-- Opening Marker --

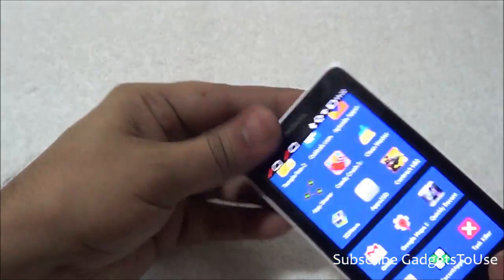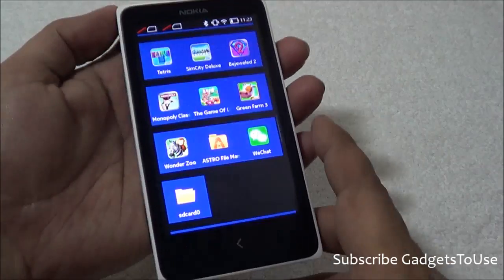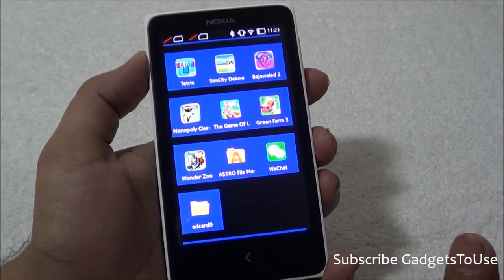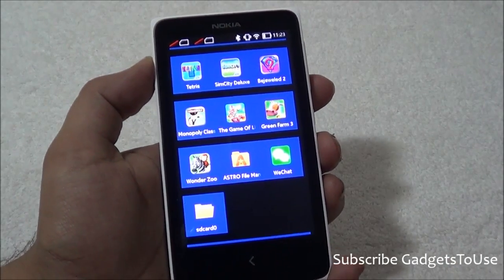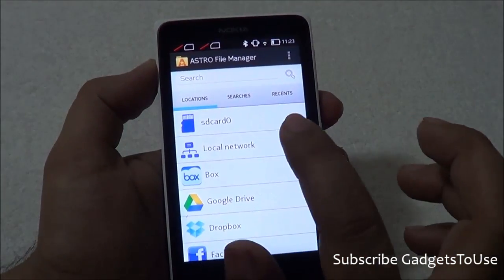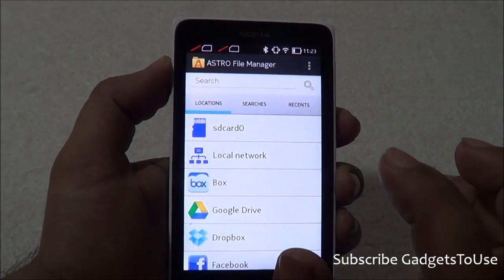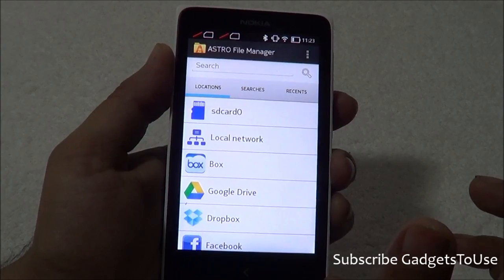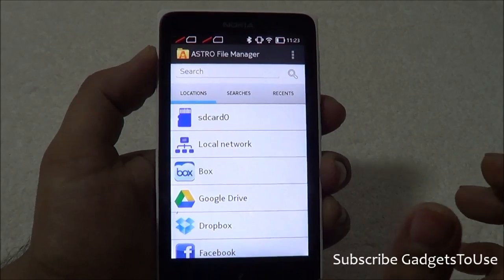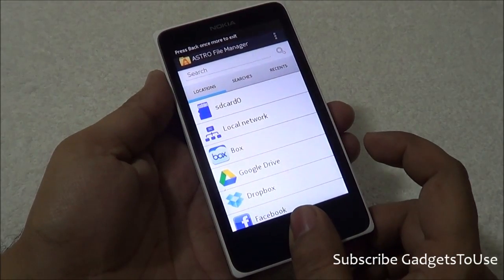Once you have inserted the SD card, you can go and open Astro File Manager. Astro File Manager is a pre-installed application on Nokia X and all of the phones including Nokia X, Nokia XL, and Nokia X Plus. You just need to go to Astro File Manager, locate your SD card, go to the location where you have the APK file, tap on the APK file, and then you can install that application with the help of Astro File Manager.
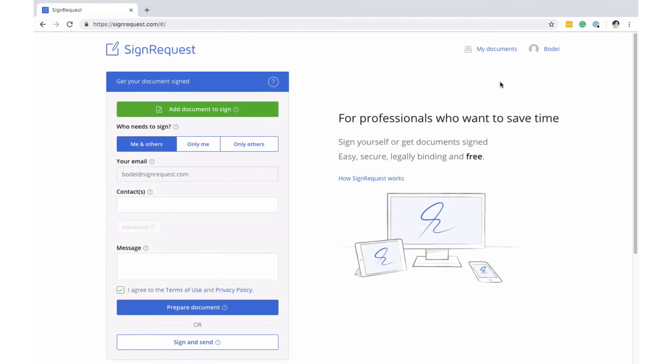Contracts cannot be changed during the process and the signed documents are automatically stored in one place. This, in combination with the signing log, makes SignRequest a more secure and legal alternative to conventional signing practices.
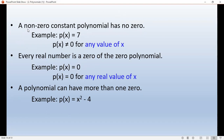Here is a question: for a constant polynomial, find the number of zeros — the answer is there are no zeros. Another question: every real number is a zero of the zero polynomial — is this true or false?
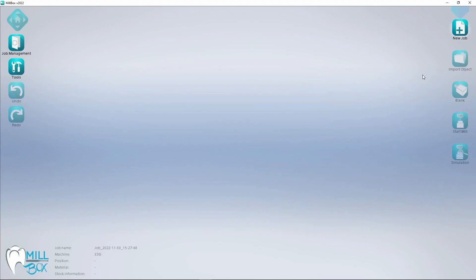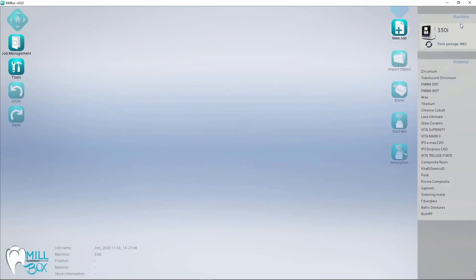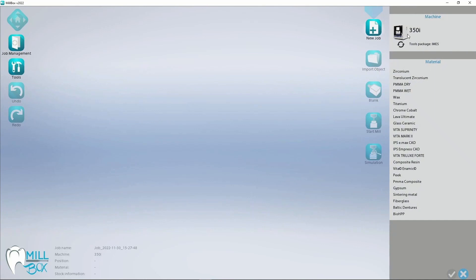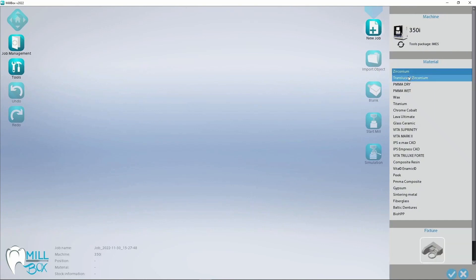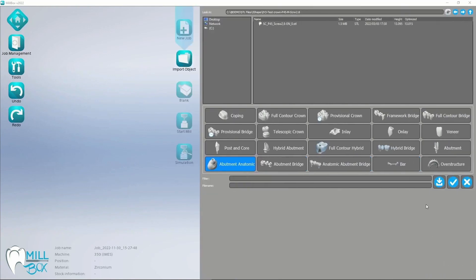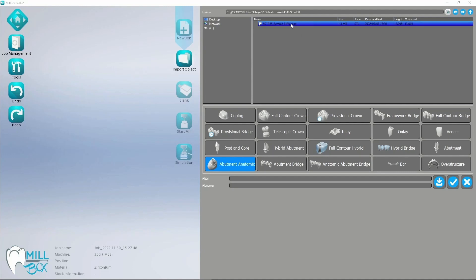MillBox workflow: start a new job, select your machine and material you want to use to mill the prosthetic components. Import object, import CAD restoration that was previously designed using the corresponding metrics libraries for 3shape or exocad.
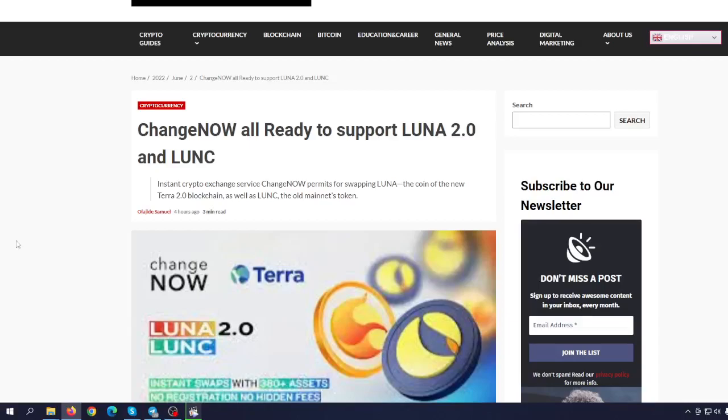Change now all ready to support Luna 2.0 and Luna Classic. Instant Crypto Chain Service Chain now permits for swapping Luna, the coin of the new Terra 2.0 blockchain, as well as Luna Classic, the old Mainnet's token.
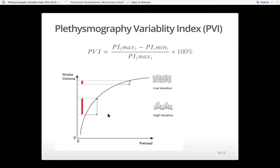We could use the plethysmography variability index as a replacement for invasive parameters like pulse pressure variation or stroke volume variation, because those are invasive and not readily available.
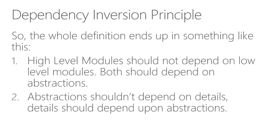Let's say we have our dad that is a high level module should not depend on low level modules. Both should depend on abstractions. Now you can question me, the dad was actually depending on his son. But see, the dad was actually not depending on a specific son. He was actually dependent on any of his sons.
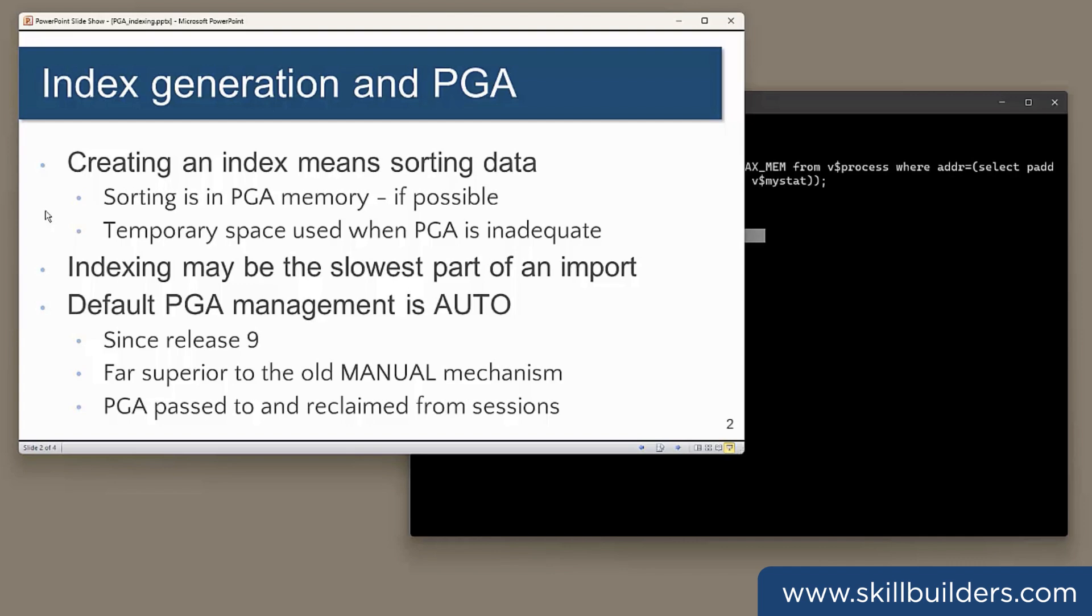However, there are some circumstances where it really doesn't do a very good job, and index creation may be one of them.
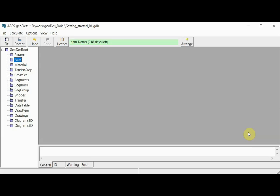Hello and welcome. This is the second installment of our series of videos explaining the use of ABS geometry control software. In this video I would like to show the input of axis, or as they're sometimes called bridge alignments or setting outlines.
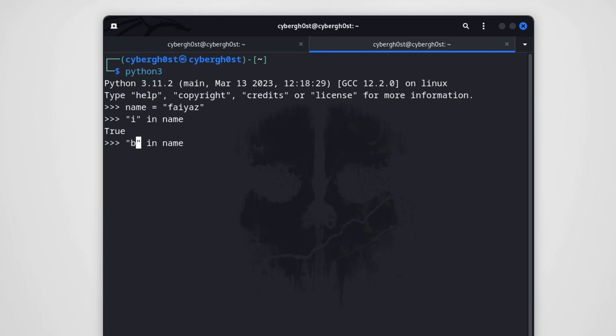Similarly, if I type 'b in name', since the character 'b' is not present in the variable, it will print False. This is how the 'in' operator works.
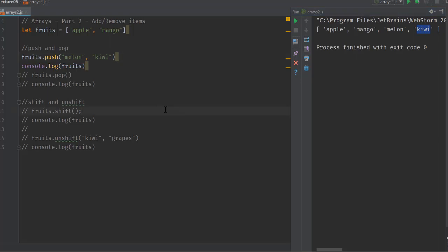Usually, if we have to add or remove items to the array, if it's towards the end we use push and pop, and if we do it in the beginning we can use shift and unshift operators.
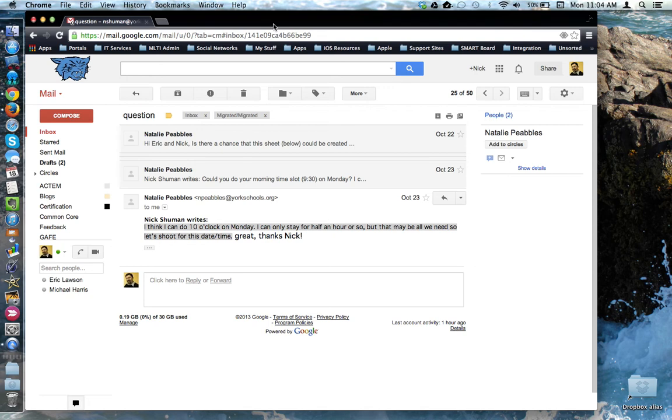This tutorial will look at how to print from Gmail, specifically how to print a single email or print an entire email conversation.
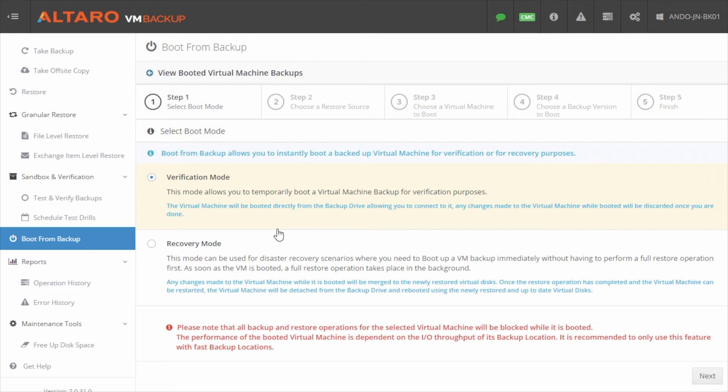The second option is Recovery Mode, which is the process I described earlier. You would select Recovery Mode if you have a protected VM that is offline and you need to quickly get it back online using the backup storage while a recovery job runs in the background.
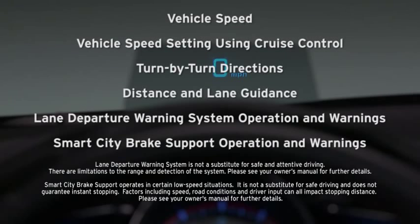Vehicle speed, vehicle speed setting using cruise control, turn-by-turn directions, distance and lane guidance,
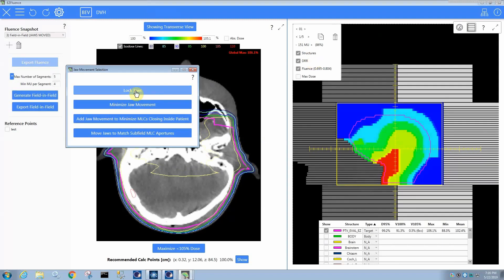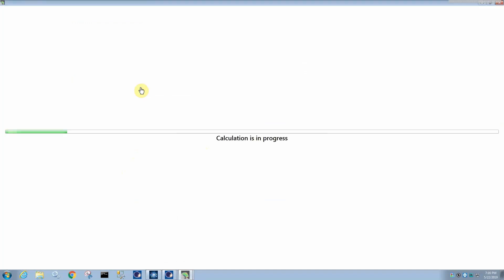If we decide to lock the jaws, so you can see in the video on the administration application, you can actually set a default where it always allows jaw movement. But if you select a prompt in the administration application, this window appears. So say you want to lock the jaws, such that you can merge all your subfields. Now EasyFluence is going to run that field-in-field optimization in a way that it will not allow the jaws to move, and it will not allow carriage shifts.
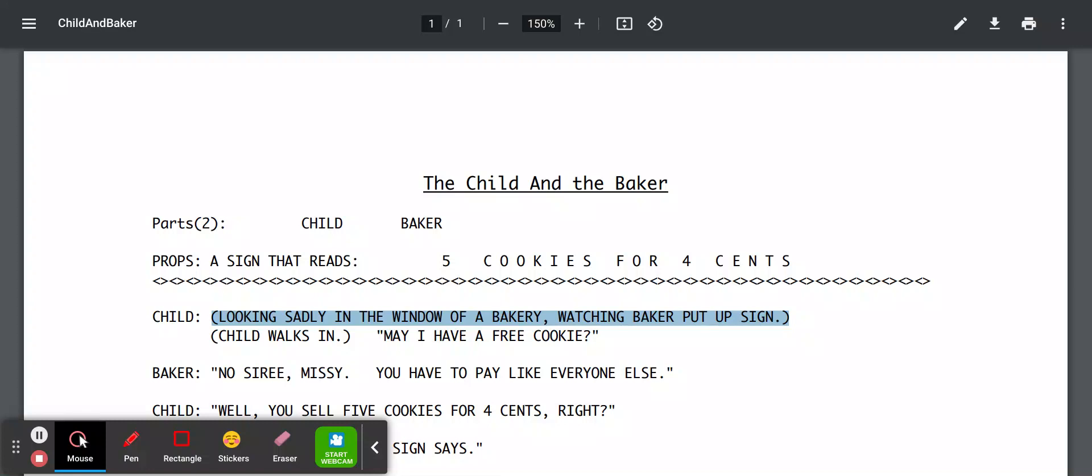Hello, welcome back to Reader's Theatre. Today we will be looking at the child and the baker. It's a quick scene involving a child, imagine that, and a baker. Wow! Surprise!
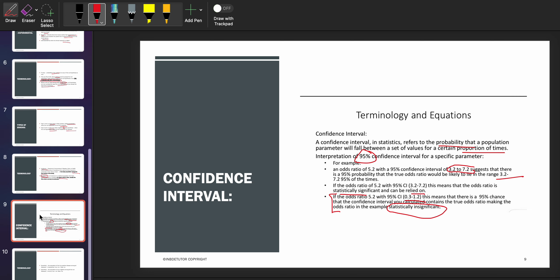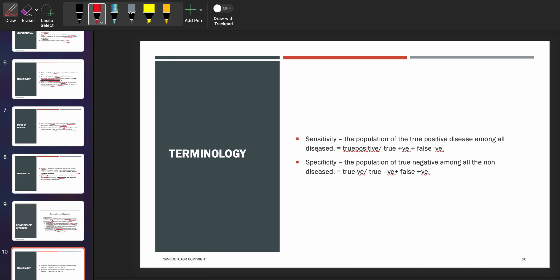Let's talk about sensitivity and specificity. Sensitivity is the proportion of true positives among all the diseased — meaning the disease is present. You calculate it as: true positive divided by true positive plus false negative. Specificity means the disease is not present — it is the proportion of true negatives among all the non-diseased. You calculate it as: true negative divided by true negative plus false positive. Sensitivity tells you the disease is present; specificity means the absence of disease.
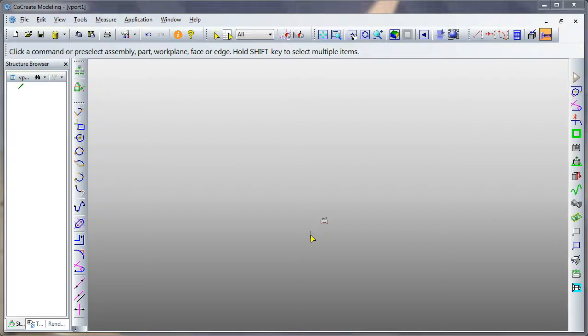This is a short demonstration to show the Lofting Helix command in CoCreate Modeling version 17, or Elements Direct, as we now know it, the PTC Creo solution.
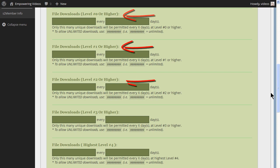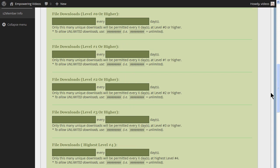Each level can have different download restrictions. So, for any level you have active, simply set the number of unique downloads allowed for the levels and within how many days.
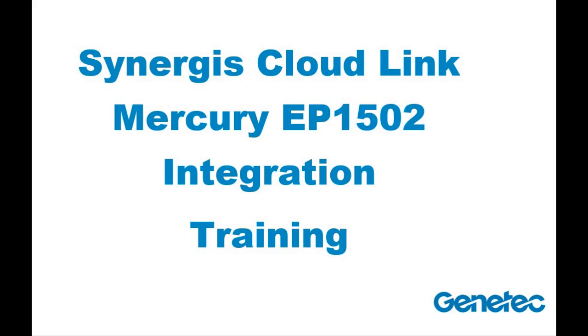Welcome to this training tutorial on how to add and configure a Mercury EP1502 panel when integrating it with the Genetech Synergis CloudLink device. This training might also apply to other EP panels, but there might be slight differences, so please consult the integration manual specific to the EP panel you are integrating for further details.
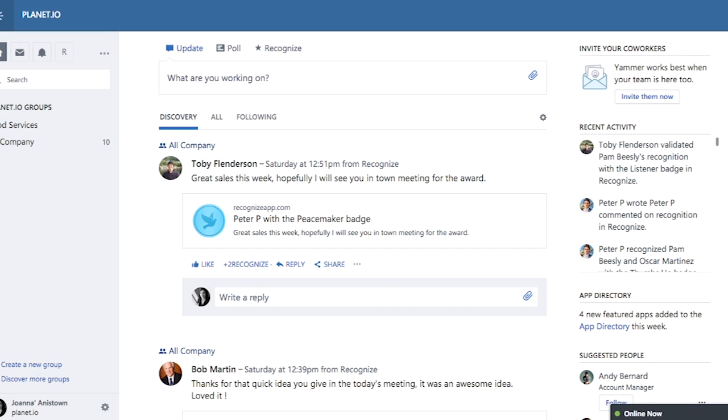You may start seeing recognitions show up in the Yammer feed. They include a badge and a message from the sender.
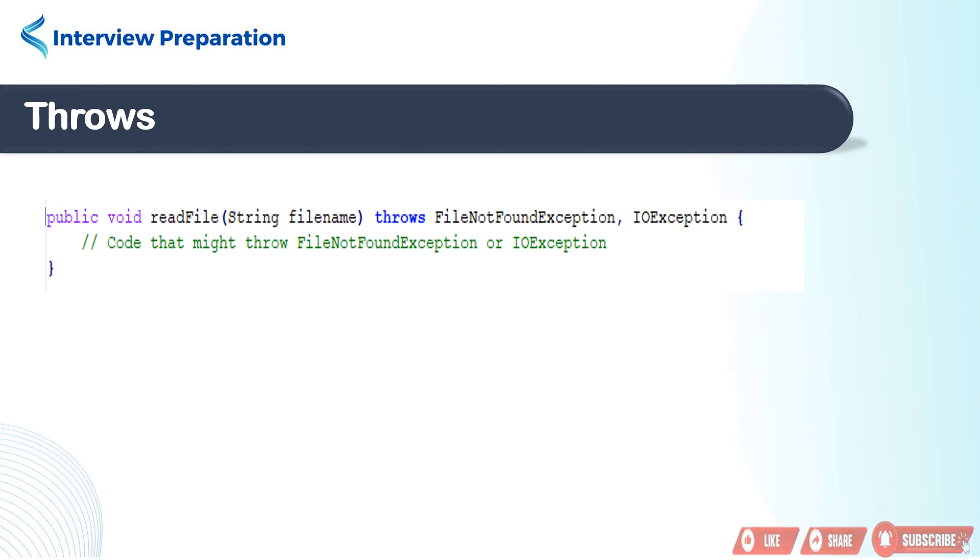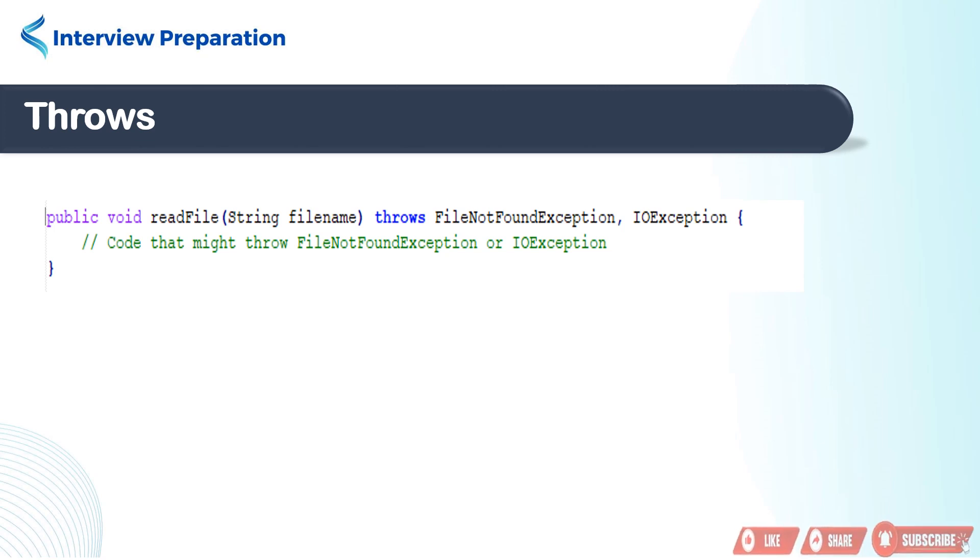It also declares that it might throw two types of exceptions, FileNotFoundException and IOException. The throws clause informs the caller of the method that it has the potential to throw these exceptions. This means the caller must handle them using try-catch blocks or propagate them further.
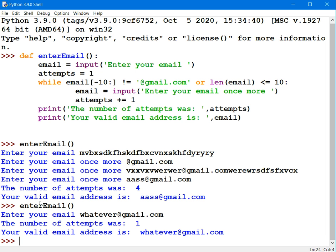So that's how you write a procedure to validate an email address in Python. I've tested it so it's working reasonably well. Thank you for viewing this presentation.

-- Closing Marker --

Print, exactly, each line above from the one with "We could use" to the one with "Similarly, if I", end lines included. Leave pictures out of it.

Written answer ▸
We could use the plethysmography variability index as a replacement for invasive parameters like pulse pressure variation or stroke volume variation, because those are invasive and not readily available.
Let's say we have our dad that is a high level module should not depend on low level modules. Both should depend on abstractions. Now you can question me, the dad was actually depending on his son. But see, the dad was actually not depending on a specific son. He was actually dependent on any of his sons.
However, there are some circumstances where it really doesn't do a very good job, and index creation may be one of them.
Hello and welcome. This is the second installment of our series of videos explaining the use of ABS geometry control software. In this video I would like to show the input of axis, or as they're sometimes called bridge alignments or setting outlines.
Similarly, if I type 'b in name', since the character 'b' is not present in the variable, it will print False. This is how the 'in' operator works.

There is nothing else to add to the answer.